Re: Caring about European requirements sensitively!

From: Kenneth Whistler (kenw@sybase.com)
Date: Wed Oct 22 1997 - 23:16:04 EDT


Alain a écrit :
>
> [Alain] :
> In practice, IBM will create a new EBCDIC code page to have the EURO. It is
> likely to be using the same code position as the one that will be
> "replaced" in Latin 0 (likely at the end the CURRENCY SYMBOL) out of Latin
> 1. It means that if this occur, mappings will still be valid. In the same
> way when Latin 0 will be standardized this new code table will also contain
> the other European characters missing as a defect in Latin 1 (which was
> supposed to support French and Finnish fully but which did not do it). IBM
> is likely to choose the same mapping positions that these characters will
> have in Latin 0.

I have never known IBM to be so cavalier in treatment of its code pages.
We are not talking about *one* new code page here. Each of the Latin-1
converged EBCDIC code pages (and there are quite a number of them besides
CP037 and CP500) would have to spawn off another distinct code page
if it is to be interconvertible with 8859-15 ("Latin-9"). 8859-15
introduces a character repertoire which is distinct from the Latin-1
repertoire ("character set" in IBM terminology). To work with the
existing EBCDIC encodings (*plural*), that repertoire would have to
be combined with new code pages to form a new family of CCSID's
converged with 8859-15 instead of 8859-1. Those new CCSID's would,
it is true, then be completely convertible with 8859-15, but they would
create legacy problems for all the existing CCSID's that are Latin-1
converged.

And nothing about this is automatic. Defining a new CCSID, say CCSID
35915 (for example) that has the 8859-15 repertoire, with the Code Page
500 encoding, but with one-for-one replacements of positions of characters
as 8859-15 replaces 8859-1 characters, doesn't do anything more than
create a new CCSID. No Code Page 500 DB2 databases are going to suddenly
upgrade themselves to use CCSID 35915. And none of the remapping is going
to be transparent or problem-free.

>
> So compatibility will be clean there.

I think it should be clear why I differ with you on that assessment.

> And in practice,
> EURO will have to be interchanged with EBCDIC, not only UNICODE (with
> UNICODE too, of course). So what is being proposed in Latin 0 is clean to
> do all this.

Saying the EURO will have to be interchanged with EBCDIC doesn't make it
happen. Do you really think that all those legacy databases are going
to simply redefine their characters? IBM is going to tell its customers,
oops, sorry, we didn't mean what our CDRA standard says when it defined
all the characters you use in your databases, and we are going to change
their meaning for you? I don't think so. The EURO will have to be introduced
to EBCDIC by introducing new code pages, and then new code pages will
have to be supported on the databases--and all of this will involve
pain in the transition. Not clean at all.

>
> Now those UNIX-8-bit systems that want to implement Latin 0 will be happy
> to be in the same bandwagon.

If they want to implement Latin-9 as yet another alternative character
set along with Latin-1, Latin-2, Latin-3, Latin-4, Latin-5, whatever, then fine.
But if they really think they can painlessly replace Latin-1 with
Latin-9 by swapping in a few new characters for ones that nobody needed anyway,
then I suspect they will turn out not so happy after all.

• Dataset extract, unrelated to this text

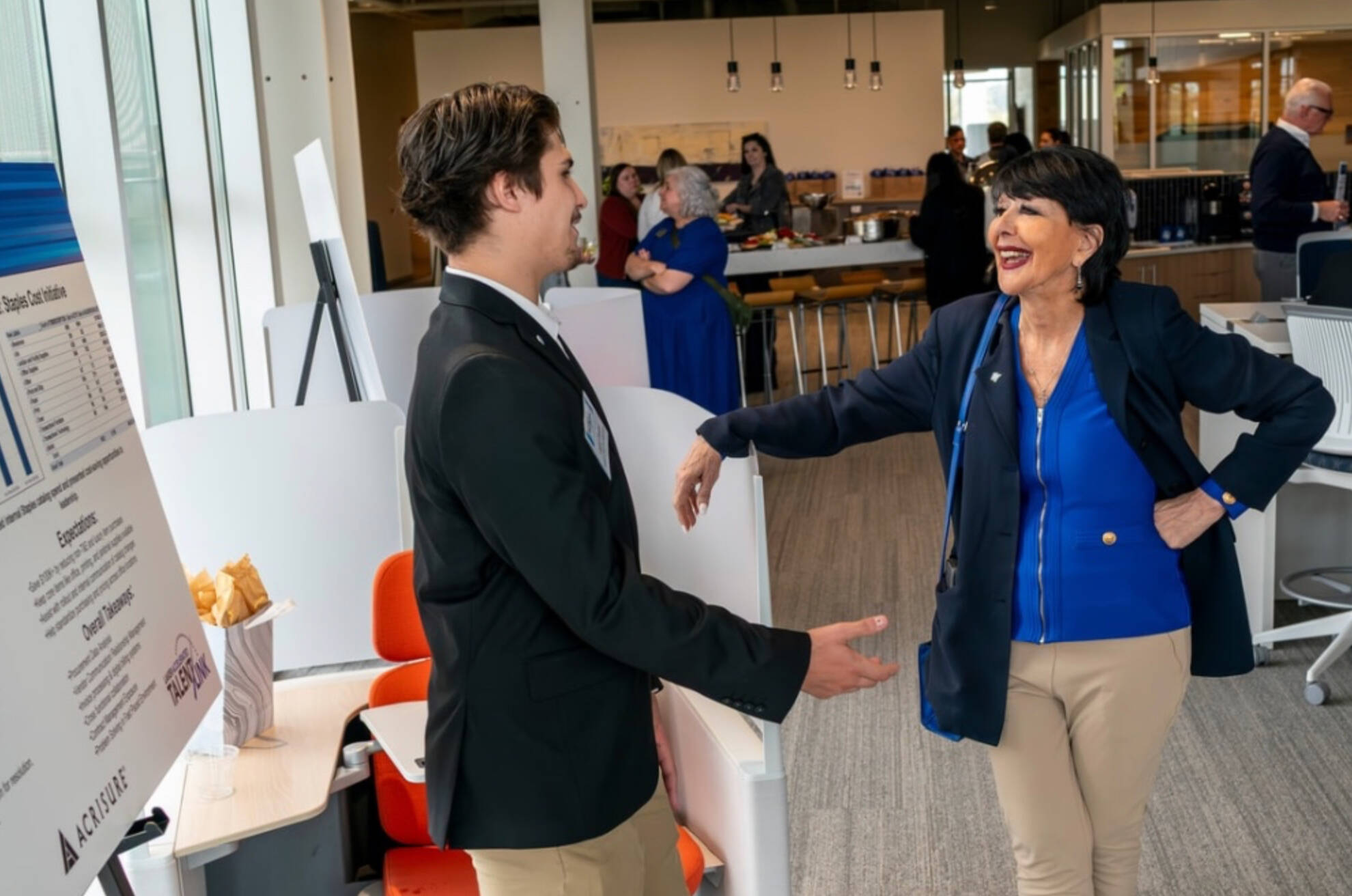 Student talking to the President of GVSU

In my opinion, Latin-1 has been amazingly successful, and has become
effectively the European "ASCII". Yes, it has defects, just as 7-bit
ASCII has always had defects even for accentless representation of English
data. But the campaign to deal with the Euro problem by sweeping away
Latin-1 (and by the way then adding in some French and Finnish characters)
has the potential to wreak IT havoc.

The real consequence of continuing the replace Latin-1 with "Latin-0"
campaign will be to destabilize the interpretation of Latin-1 data,
and result in a de facto situation where everyone depends instead on
Windows 1252 to get it right, at the expense of ISO-compliant 8859-x
based Unix systems. (Is Latin-0 actually just another nefarious
plot by Bill Gates, I wonder? ;-) )

>
> As for the additional few characters in 1252 that are left over (not many!)
> in C1 control space, before we go to system-wide implementation of UNICODE,
> the situation won't be worse than it is today. There exists so far no
> requirement to exchange these characters with EBCDIC data, while there is a
> European requirement to exchange the EURO SIGN, 3 French characters and 4
> Finnish characters more than in Latin 1. When one wants to talk about
> practical things, one has to talk practically. That's what the Latin 0
> proposers have in mind, only practical considerations for the real world of
> today and the 5 coming years at least.
>
> All the destroyers of Latin 0 just have *un*solutions to propose to the
> requirements. They only want a quick fix that is not even a fix to the
> problems exposed and they do not even want to see the problems and try to
> solve them really. They do not care mich really about actual European
> problems much, should I say if I did not know that they also have good
> intentions in mind, of course.

I see two valid non-*un*solutions:

  1. Proceed with 8859-15 (Latin-9) and another part of 8859 (and
     add more parts of 8859 to create corresponding 8-bit standards
     that add the EURO SIGN to the Greek part, the Eastern European part,
     the Turkish part, the Baltic part, ... Deal honestly with the
     data convertibility problems between the new parts and the
     established set of 8859 parts which do not contain the EURO
     (or the French or Finnish characters), and expect to have a
     fairly long transition period of moving from EURO-less 8859
     parts to EURO-ful 8859 parts. A painful transition, but
     well-defined, stepwise, and not plagued with the potential
     problem of catastrophic loss of interpretability of Latin-1
     data. But this non-*un*solution doesn't have a clear path
     to the future. It is the short-term hack to solve the
     immediate problem of the EURO, but doesn't deal with the next new
     character that everyone in Europe decides that they must
     have in their IT systems.

  2. Move the 8-bit systems to 8-bit+ systems, using UTF-8, with
     a drastically constrained repertoire. (Just union the European
     parts of 8859, if you like, and add U+20AC EURO SIGN.) You
     get a small repertoire compatible with European immediate
     needs, without any of the complications of the full 10646
     repertoire that everyone is so afraid of. The fonts will be
     easy to create--just piece them together from the chunks already
     required for the individual 8859-x encodings. Treat everything
     else (except for the actual encoding values) just as you have
     been for 8859-1. This is an incremental solution that has
     a future path. Future additions to the repertoire are simple
     extensions to the interpreted repertoire, without introducing
     coding changes or redefining characters. Fully Unicode compliant
     platforms such as Windows NT or Windows CE or AIX or systems that
     support UTF-8 already such as Solaris, could interwork with this
     trivially. Most systems that can handle Asian data could adopt a
     stripped-down UTF-8 repertoire like this in short order for Europe.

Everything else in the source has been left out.